[Extracted records]
[Start of Attachment]

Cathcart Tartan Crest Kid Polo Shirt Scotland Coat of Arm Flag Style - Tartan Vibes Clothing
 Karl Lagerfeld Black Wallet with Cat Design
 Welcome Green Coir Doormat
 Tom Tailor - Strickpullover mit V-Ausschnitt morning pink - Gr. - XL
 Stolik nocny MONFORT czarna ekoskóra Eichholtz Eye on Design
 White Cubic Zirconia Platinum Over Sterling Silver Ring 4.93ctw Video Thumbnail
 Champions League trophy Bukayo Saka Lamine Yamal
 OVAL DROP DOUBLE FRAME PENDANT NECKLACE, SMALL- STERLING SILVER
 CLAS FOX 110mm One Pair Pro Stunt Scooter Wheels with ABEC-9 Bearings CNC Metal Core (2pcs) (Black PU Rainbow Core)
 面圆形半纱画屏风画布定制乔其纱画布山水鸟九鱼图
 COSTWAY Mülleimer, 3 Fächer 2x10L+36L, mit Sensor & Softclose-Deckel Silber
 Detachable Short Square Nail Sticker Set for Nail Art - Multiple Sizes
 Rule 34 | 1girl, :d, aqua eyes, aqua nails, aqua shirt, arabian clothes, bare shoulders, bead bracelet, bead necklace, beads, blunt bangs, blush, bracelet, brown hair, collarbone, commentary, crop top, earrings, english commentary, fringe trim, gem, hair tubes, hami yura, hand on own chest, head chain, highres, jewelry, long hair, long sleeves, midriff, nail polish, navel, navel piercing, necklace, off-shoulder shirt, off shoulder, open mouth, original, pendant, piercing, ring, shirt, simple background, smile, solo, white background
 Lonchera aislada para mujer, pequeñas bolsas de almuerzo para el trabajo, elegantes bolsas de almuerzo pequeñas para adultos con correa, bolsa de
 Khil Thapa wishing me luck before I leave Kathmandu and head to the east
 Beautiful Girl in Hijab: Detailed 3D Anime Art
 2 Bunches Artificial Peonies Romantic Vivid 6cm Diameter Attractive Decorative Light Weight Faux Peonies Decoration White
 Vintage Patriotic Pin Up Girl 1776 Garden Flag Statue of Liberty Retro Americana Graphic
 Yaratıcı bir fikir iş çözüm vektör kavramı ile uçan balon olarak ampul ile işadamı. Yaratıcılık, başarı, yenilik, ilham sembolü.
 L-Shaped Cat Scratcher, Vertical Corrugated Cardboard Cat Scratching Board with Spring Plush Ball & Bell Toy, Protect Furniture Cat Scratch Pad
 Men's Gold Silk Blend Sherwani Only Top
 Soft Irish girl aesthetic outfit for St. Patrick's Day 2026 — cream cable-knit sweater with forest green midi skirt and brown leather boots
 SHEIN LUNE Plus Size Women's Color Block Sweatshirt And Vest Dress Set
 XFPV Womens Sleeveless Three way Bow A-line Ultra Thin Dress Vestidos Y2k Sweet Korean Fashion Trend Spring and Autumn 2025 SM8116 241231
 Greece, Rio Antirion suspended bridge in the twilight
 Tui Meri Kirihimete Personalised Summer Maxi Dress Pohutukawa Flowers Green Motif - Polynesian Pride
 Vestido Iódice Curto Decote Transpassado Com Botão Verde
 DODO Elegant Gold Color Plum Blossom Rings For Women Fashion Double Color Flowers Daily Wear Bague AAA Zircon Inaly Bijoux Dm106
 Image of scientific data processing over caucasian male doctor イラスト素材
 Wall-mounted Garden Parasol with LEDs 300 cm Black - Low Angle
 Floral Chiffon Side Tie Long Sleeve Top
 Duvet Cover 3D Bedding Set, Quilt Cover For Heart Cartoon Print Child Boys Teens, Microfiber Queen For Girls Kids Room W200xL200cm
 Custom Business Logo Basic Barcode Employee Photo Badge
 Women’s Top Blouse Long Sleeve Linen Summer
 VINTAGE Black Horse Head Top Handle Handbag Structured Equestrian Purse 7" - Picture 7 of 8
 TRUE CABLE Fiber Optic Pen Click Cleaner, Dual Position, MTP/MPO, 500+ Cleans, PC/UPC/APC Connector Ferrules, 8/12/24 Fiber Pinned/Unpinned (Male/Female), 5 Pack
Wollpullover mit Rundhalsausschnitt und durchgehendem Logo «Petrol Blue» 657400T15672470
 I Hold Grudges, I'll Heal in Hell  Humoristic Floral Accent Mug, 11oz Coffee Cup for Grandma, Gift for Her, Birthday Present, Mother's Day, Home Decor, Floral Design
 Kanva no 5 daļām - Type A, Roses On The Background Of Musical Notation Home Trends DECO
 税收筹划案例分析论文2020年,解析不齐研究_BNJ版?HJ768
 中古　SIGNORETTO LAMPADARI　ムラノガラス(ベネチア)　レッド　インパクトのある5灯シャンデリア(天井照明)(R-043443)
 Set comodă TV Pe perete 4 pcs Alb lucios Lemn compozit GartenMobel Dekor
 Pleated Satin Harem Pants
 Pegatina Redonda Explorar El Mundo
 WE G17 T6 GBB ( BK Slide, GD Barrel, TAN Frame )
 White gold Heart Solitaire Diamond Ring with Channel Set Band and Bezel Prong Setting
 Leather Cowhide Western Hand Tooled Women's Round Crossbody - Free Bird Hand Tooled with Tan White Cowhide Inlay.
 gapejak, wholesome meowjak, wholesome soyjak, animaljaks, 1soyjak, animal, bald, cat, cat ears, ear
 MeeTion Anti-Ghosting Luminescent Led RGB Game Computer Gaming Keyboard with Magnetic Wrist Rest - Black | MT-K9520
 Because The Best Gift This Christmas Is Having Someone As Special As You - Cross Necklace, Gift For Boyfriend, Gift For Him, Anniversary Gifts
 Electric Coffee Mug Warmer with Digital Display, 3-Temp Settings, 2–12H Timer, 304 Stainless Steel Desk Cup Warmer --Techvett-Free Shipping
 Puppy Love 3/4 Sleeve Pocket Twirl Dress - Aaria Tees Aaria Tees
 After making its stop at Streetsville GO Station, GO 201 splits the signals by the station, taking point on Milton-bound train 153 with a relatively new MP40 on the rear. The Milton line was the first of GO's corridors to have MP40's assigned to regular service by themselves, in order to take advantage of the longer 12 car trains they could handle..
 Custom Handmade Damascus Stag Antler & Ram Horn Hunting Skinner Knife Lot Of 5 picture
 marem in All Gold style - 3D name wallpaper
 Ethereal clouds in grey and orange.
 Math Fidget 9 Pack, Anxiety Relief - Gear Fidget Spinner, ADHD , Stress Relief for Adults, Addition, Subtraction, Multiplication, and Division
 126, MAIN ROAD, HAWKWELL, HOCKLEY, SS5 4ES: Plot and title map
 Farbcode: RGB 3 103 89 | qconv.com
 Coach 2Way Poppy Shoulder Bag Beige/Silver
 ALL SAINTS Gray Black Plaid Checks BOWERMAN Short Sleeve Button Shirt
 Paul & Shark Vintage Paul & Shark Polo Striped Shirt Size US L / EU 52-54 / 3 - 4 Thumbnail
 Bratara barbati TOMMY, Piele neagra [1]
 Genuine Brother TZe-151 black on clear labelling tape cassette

[End of Attachment]

Wherever the line holding "Electric Coffee Mug" falls in the entries above, copy exactly from it through the line holding "Puppy Love 3/4", inclusive, and add nothing.

 Electric Coffee Mug Warmer with Digital Display, 3-Temp Settings, 2–12H Timer, 304 Stainless Steel Desk Cup Warmer --Techvett-Free Shipping
 Puppy Love 3/4 Sleeve Pocket Twirl Dress - Aaria Tees Aaria Tees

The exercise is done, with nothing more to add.